In my ongoing war with the bath brush, my bottom is not the only loser. D nearly broke my pinkie finger. Correction: I was responsible for D nearly breaking my pinkie finger.
D’s impromptu command for me to fetch the bath brush, just moments before our long road trip to the ocean, had me searching his face for intent. His voice had been different then. This wasn’t play.
He informed me that my grumpy attitude of the past week needed to stop. I argued, saying that it wasn’t “grumpy” so much as “snarky” — for you word-lovers out there, there is a keen difference.
D apparently hates words.
With no time for debate, he immediately maneuvered me over the back of the couch and delivered brisk, walloping swats. Not having had a proper warm-up, nor a proper spanking for quite some time, each blow with the brush was almost unendurable. I did not like it. No, I did not. (I should insert here that my panties later told a different story about my “enjoyment” of the bath brush.)

I’m not dumb enough to consciously block the blows from that wooden bully. While silently cursing my assailant, I am quite aware that the best defense is no offense. Be still. Play dead. Don’t move lest the brush find its mark on my upper thighs or, gasp, between my legs.

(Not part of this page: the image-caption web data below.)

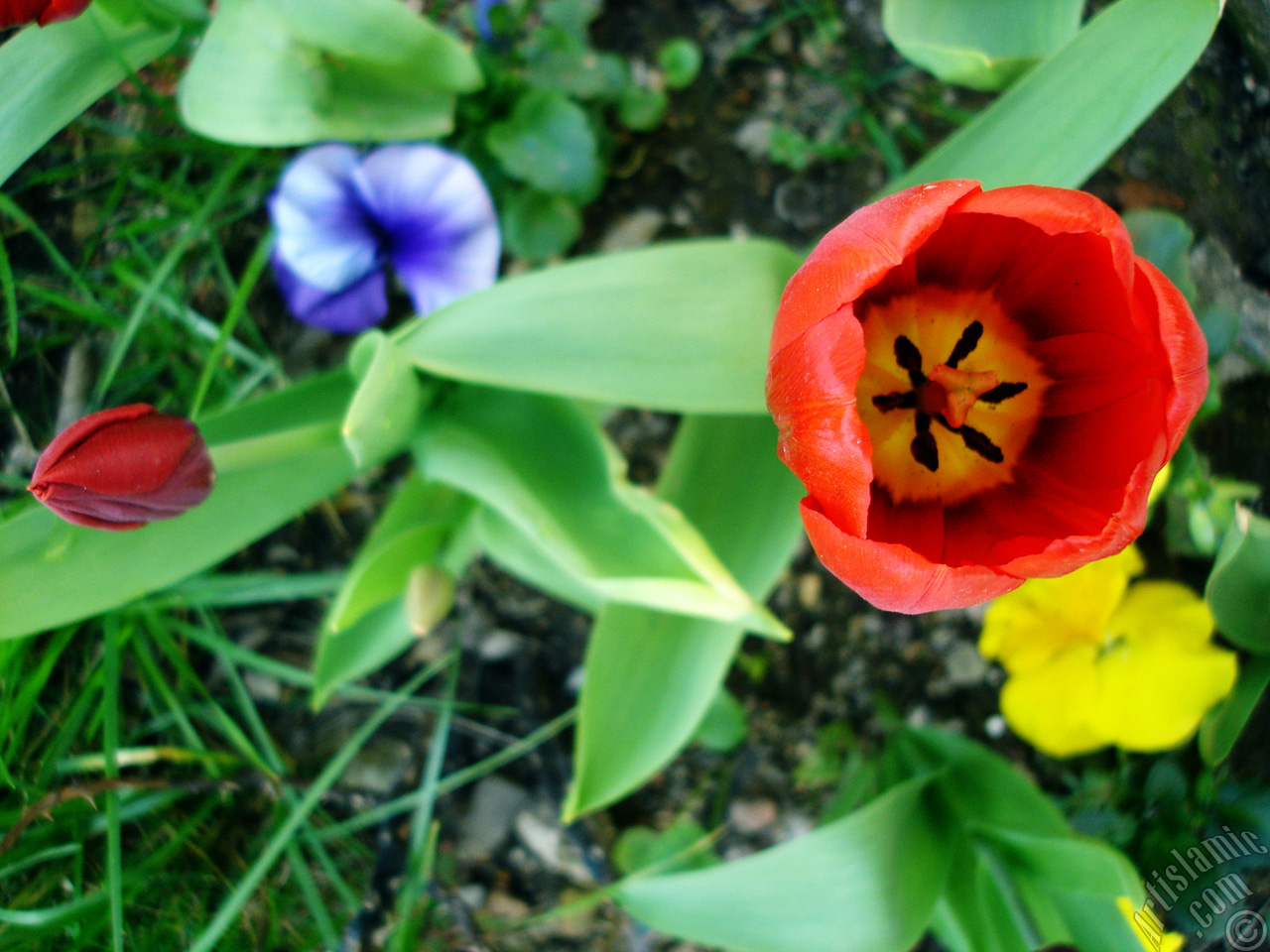 Red Turkish-Ottoman Tulip photo.
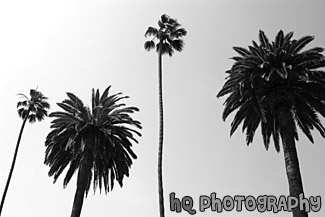 Palm Trees & Blue Sky black and white picture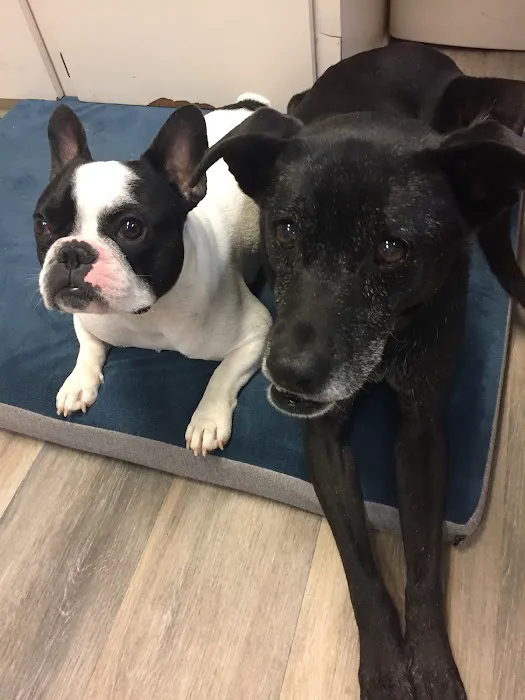Animal Clinic of Nassau County 8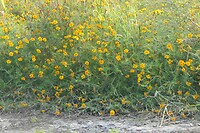 290929 Roggel  sterafrikaantjes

Awareness does not equal obedience.
When the brush struck my disobedient hand, it cast a magical spell in my living room. In addition to the stars and white light that appeared before my eyes, I was the sub with three thumbs. I could have taken that show on the road — and did, wasting little time on first aid, when we left for our trip.
Let it be a testament to my quick reflexes, and how strong my natural defenses are, that my hand courageously stood up for the underdog.
That pinkie finger may normally be the smallest appendage on my body, but it has the heart of a lion. An extremely foolish and swollen, pink lion.